Risk Management Checklist Position descriptions: Each position or volunteer role should have a written description with as much detail as possible, to include: Purpose of the position, Title, Location (if known), Key responsibilities, Sample tasks/activities, Who the volunteer reports to, Length of appointment/time commitment (if known/applicable), Qualifications (including required training), and Support provided (what the volunteer can expect from the organization). Documented screening policy: Consistent application review, Standardized Interviews based on position description, Standard Reference checks, Verification of licensure and credentials, and Criminal background checks.

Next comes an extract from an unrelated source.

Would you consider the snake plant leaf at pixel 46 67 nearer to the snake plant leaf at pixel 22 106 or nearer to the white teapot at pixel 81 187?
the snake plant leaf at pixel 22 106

Risk Management Checklist Orientation & Training: (1) Clarify expectations of your volunteers & what is not allowed even if intuitive; (2) Provide written policies as a reference; (3) Give orientation to agency mission and policies; (4) Give training appropriate to roles, safety and protective equipment. Additional policies: (1) Confidentiality of personal information; (2) Fundraising/handling funds; (4) Alcohol and drug use; (5) Safety guidelines; and (6) Activation/deployment and deactivation procedures. Policy for termination of volunteers: (1) Clarify which actions warrant dismissal; (2) Document decisions; (3) Do not fail to act; and (4) Apply policies consistently.
Insurance Buying insurance is NO substitute for practicing risk management. When losses occur, insurance is one of many methods available for financing losses. But insurance does not prevent a loss from occurring.
Conclusion Volunteers are needed. Volunteers offer a significant positive economic impact to agencies and nonprofits. But volunteers pose risks. Knowledge of the relevant law and taking certain risk management action steps will mitigate liability. Lack of funding and fear of liability should not hinder philanthropies. Nonprofit work and the law can go together and work hand-in- hand.